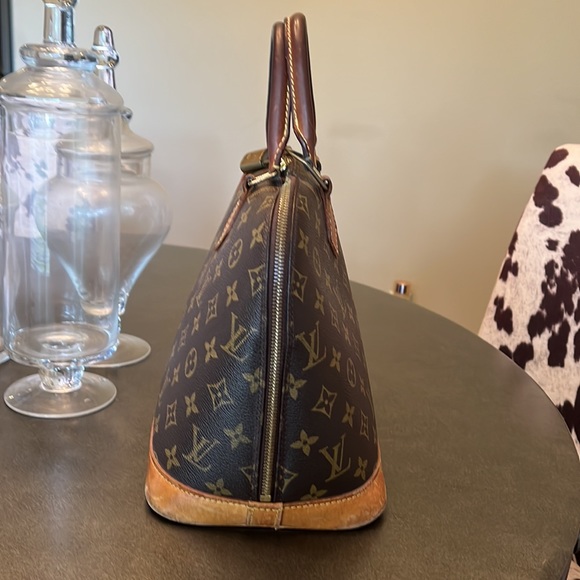 Louis Vuitton Alma **AUTHENTIC** - Picture 4 of 13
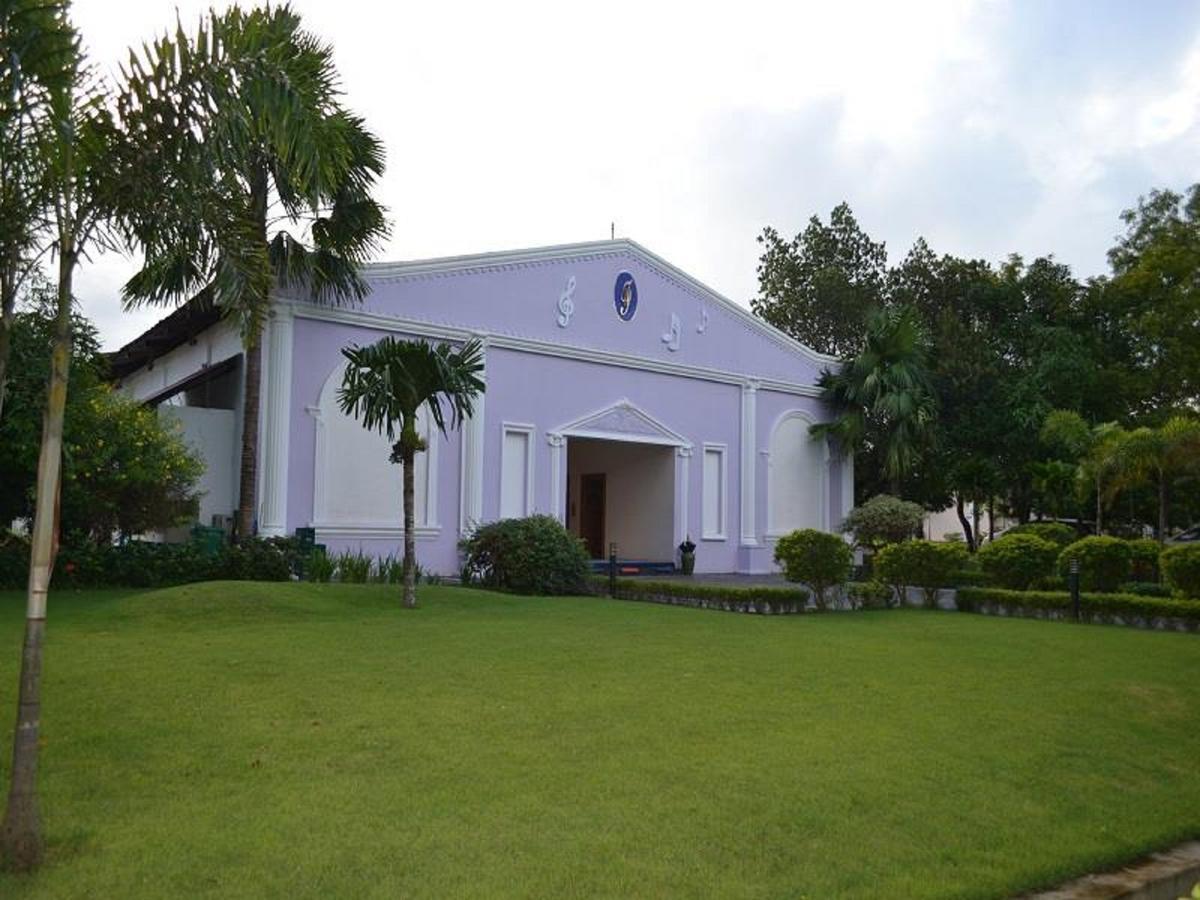 Famous Hotel Bago Exterior foto
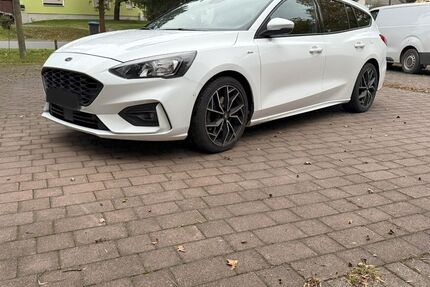 Ford Focus 133.000 km 12.500 &euro; Auma-Weidatal 07955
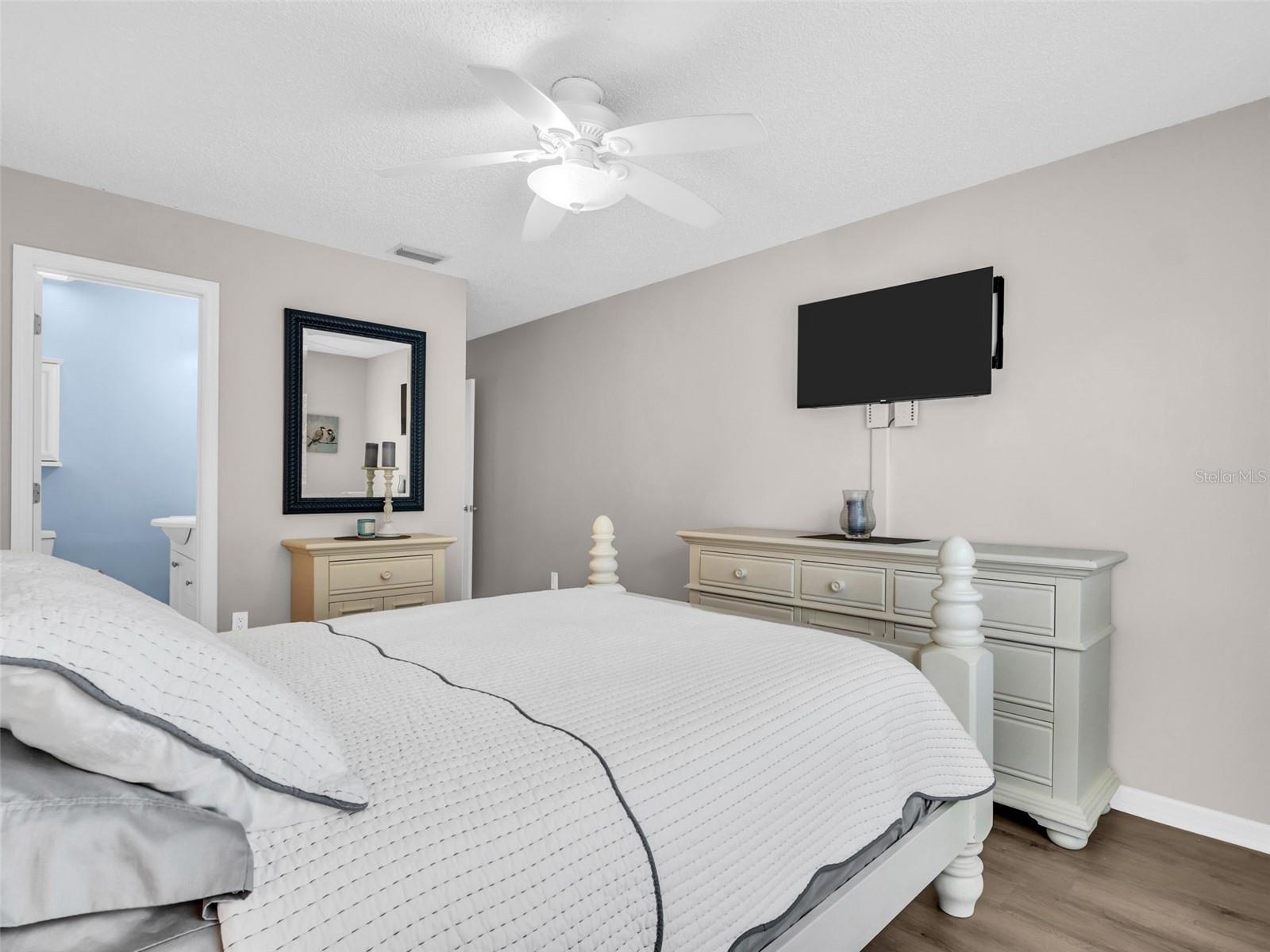 Image 23 of 61 For 608 Windrush Bay Drive 225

# # # #

ACTIVITY »
Reproduce the entire listing exactly, except for any pictures it contains.

ANSWER TO THIS TASK »
 Louis Vuitton Alma **AUTHENTIC** - Picture 4 of 13
 Famous Hotel Bago Exterior foto
 Ford Focus 133.000 km 12.500 &euro; Auma-Weidatal 07955
 Image 23 of 61 For 608 Windrush Bay Drive 225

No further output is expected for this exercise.